Under this line are the records; repeat exactly the lines starting at the one containing "Use of intravascular" and ending at the one containing "Posterior Lumbar Discectomy", omitting pictures.

### Input data

• • •

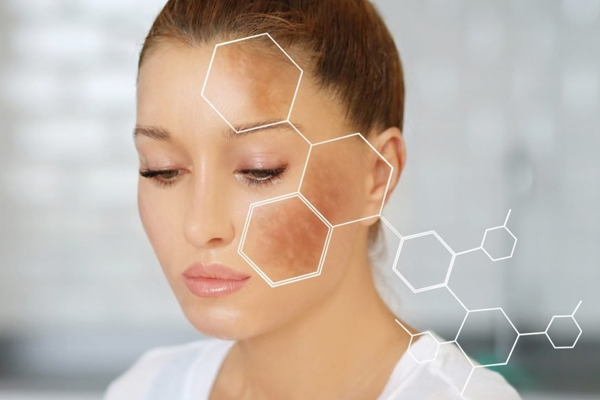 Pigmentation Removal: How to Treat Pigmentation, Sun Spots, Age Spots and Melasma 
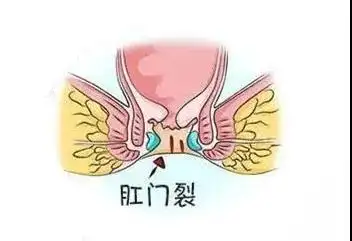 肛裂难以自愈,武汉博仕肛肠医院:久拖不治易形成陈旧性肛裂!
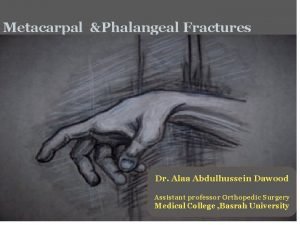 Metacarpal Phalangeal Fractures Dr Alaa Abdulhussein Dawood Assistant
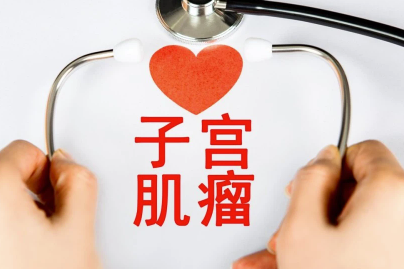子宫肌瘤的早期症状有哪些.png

• • •

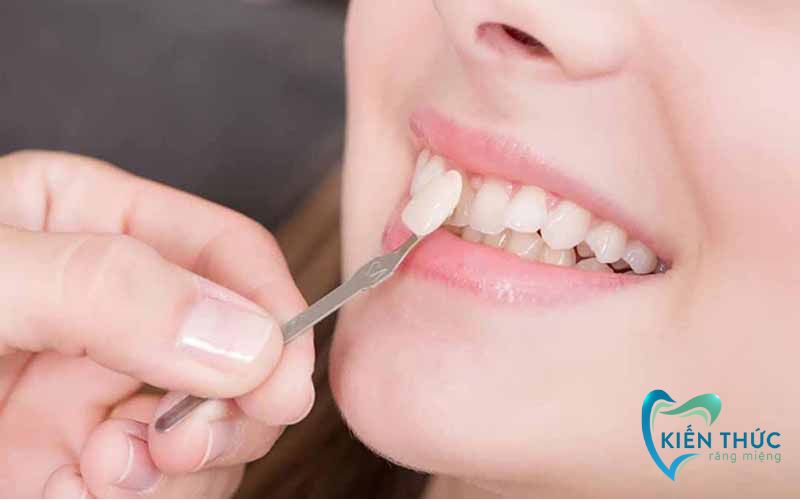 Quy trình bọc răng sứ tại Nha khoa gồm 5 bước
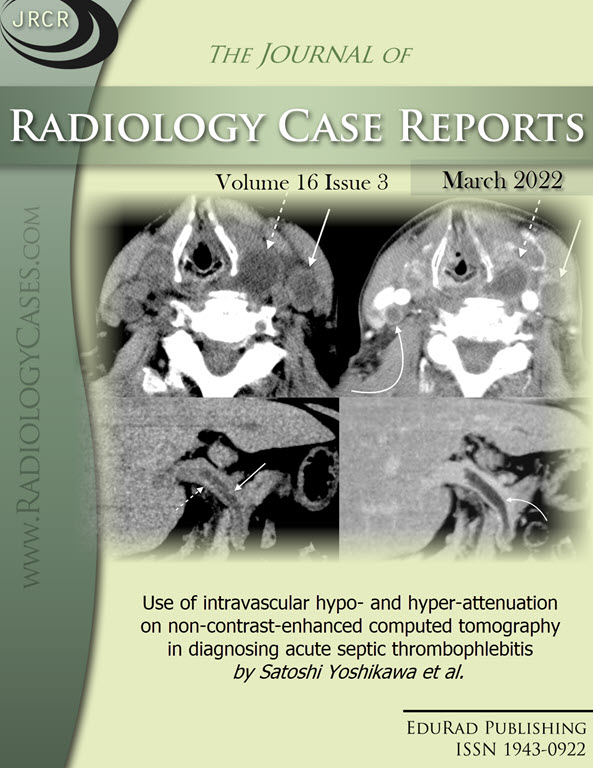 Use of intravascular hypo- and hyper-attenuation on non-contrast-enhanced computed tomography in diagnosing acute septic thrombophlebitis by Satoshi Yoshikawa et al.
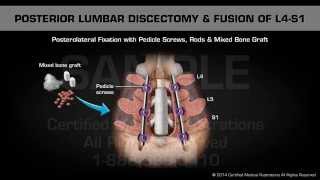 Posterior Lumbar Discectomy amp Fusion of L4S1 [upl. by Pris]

• • •

### Solution to the exercise
 Use of intravascular hypo- and hyper-attenuation on non-contrast-enhanced computed tomography in diagnosing acute septic thrombophlebitis by Satoshi Yoshikawa et al.
 Posterior Lumbar Discectomy amp Fusion of L4S1 [upl. by Pris]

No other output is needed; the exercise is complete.